| Goal of the exercise |
Exact copies of the lines below, from the one with "گلس شیشه ای" up to and including the one with "60年代香港幼稚園讀本 1-4冊", are what this calls for; leave out pictures.

[Opening Working data section]

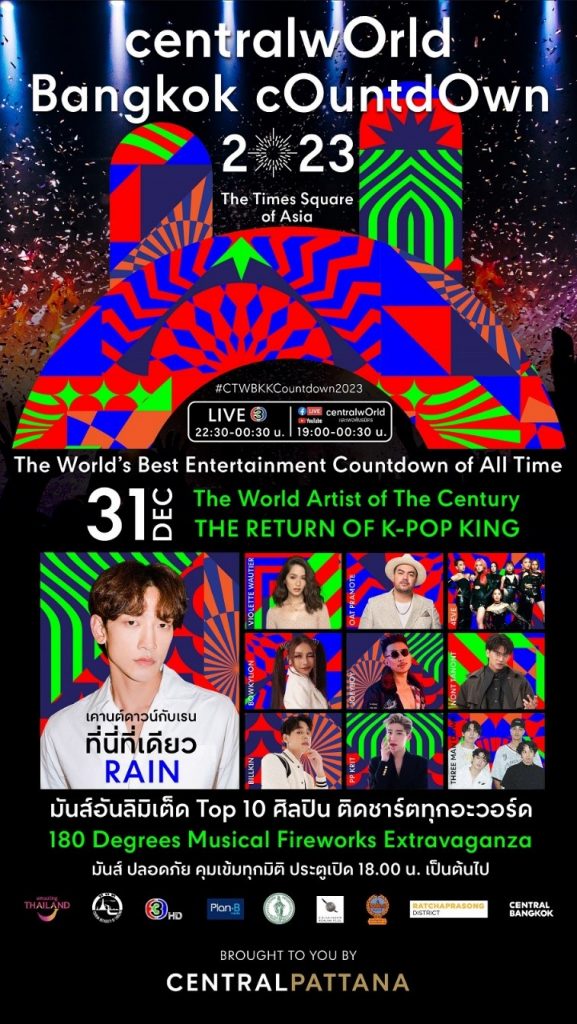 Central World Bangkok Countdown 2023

[Closing Working data section]
[Opening Working data section]

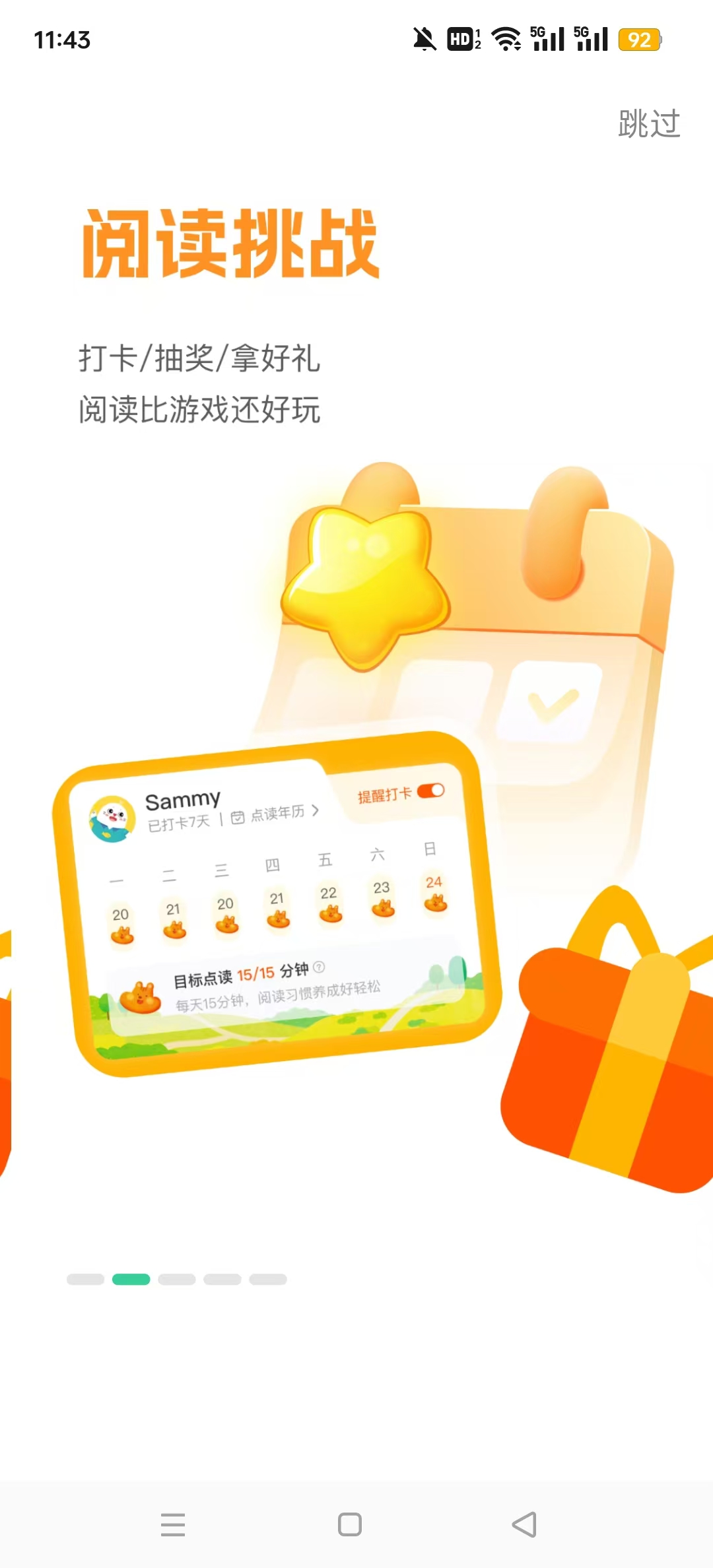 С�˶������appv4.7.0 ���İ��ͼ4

[Closing Working data section]
[Opening Working data section]

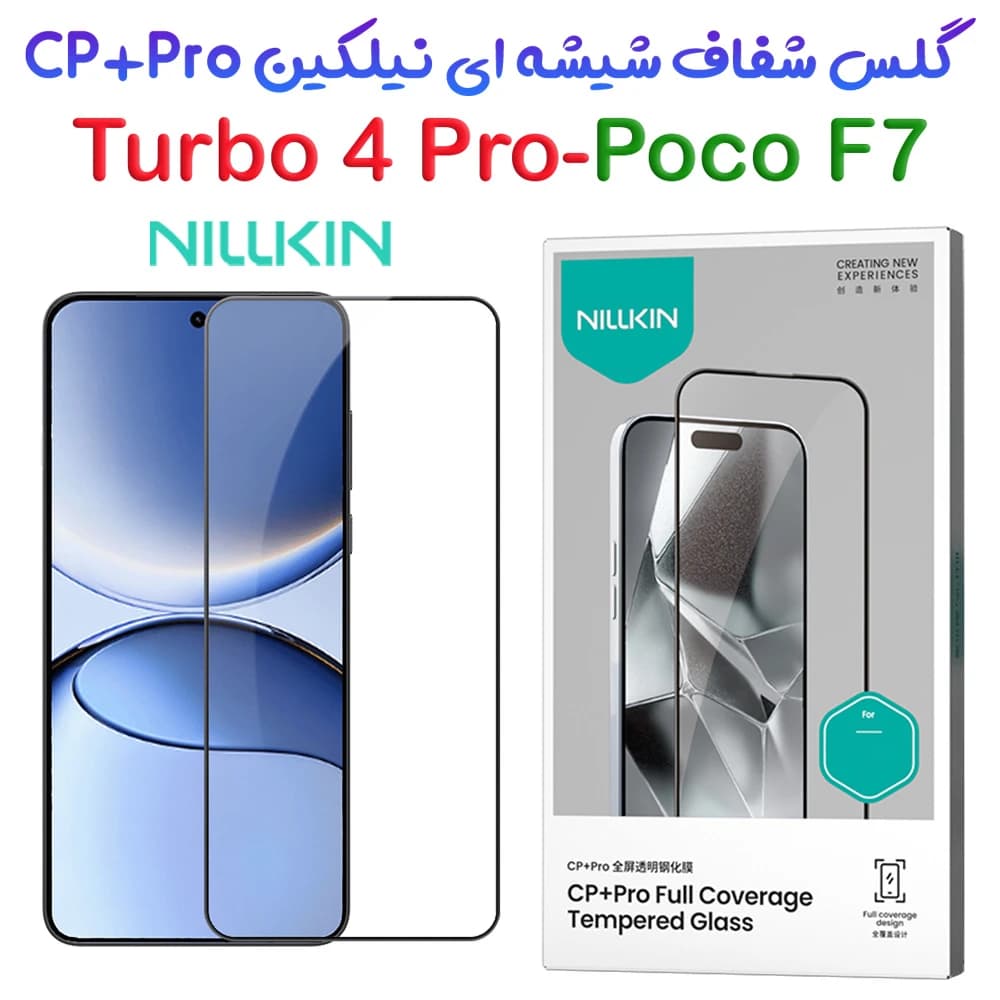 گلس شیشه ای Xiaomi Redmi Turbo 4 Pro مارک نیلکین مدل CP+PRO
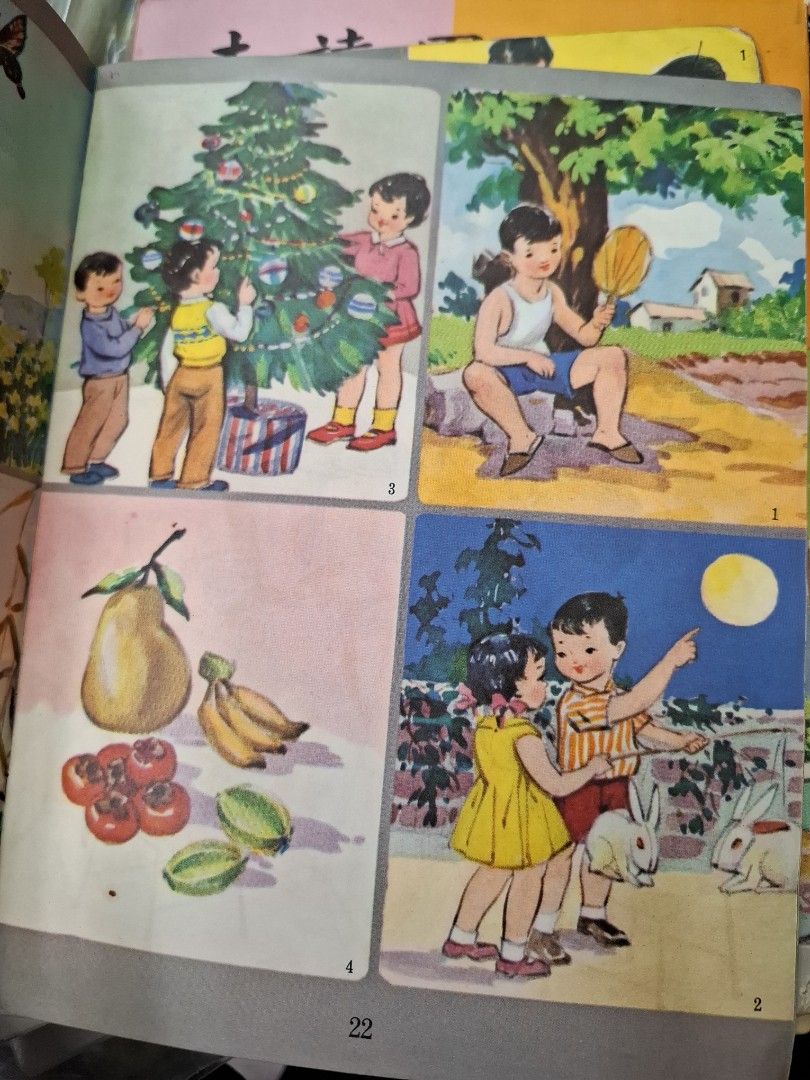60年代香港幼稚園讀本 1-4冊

[Closing Working data section]

| Expected answer |
 گلس شیشه ای Xiaomi Redmi Turbo 4 Pro مارک نیلکین مدل CP+PRO
60年代香港幼稚園讀本 1-4冊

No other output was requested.